*** Opening of RECORDS SUPPLIED ***

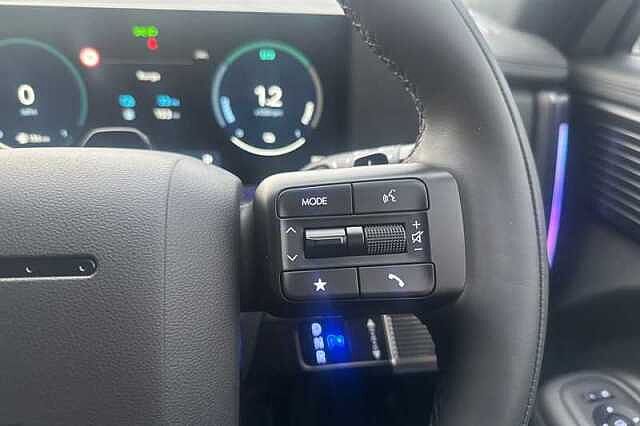 Hyundai SANTA FE 1.6 T-GDi 13.8kWh Calligraphy SUV 5dr Petrol Plug-in Hybrid Auto 4WD Euro 6 (s/s Silver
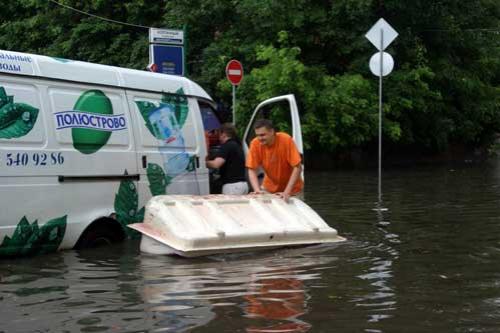 26 июня 2006 года: Москва ушла под воду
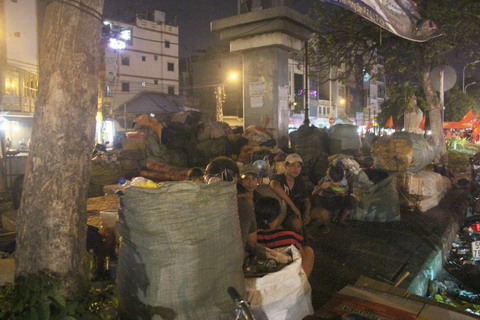 Trên tay mỗi người là tô hủ tíu. Họ ăn rất vội và cố gắng húp đến giọt nước cuối cùng trong tô. Ảnh: Vietnamnet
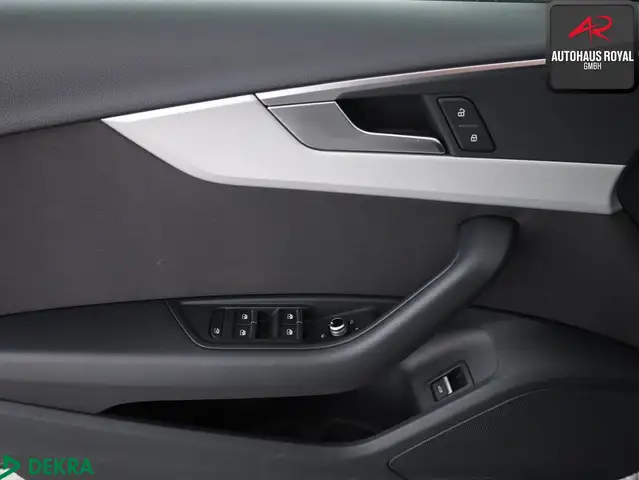 Audi A4 view 13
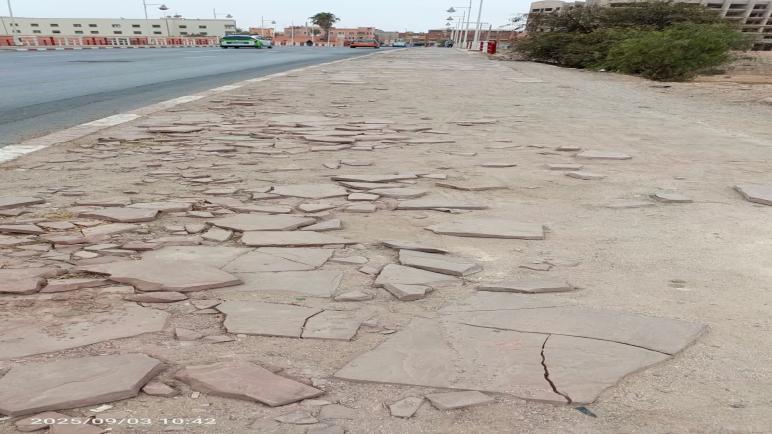 رصيف العار.. إهانة يومية للمواطن في الطريق الرابطة بين إنزكان وآيت ملول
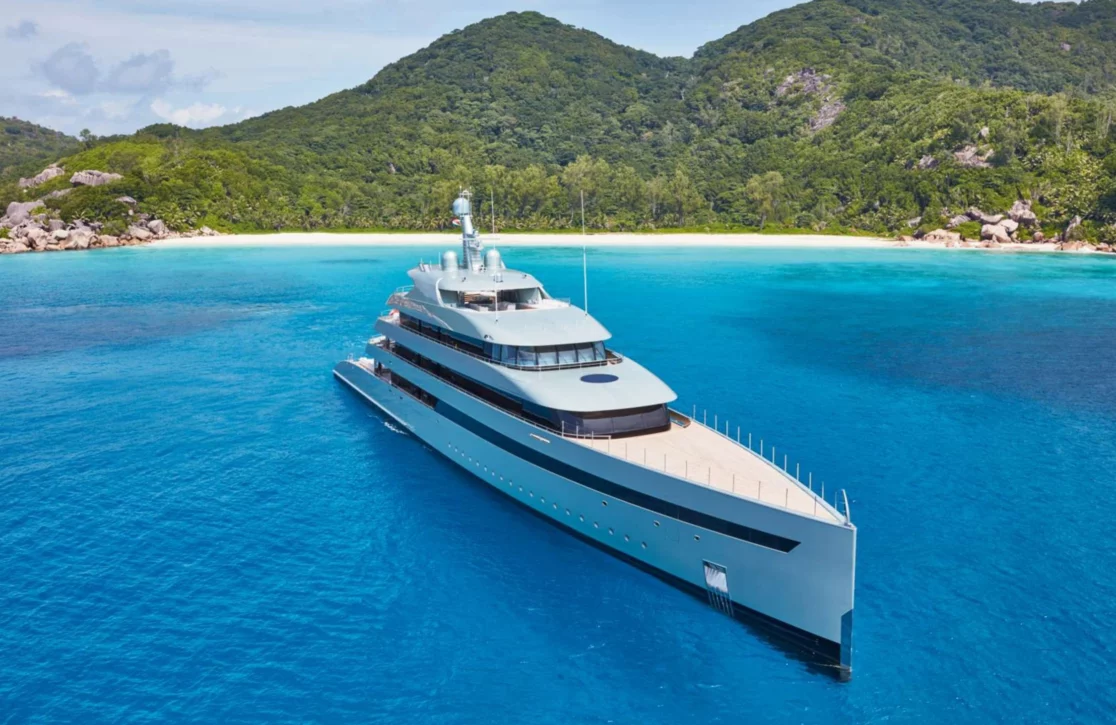 An image of Savannah yacht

*** Close of RECORDS SUPPLIED ***

▶ [EXERCISE REQUIREMENTS]: Only one thing is wanted here, an exact copy of the lines from the first line above through the line containing "Audi A4 view 13", minus any picture.

▶ [REPLY]:
 Hyundai SANTA FE 1.6 T-GDi 13.8kWh Calligraphy SUV 5dr Petrol Plug-in Hybrid Auto 4WD Euro 6 (s/s Silver
 26 июня 2006 года: Москва ушла под воду
 Trên tay mỗi người là tô hủ tíu. Họ ăn rất vội và cố gắng húp đến giọt nước cuối cùng trong tô. Ảnh: Vietnamnet
 Audi A4 view 13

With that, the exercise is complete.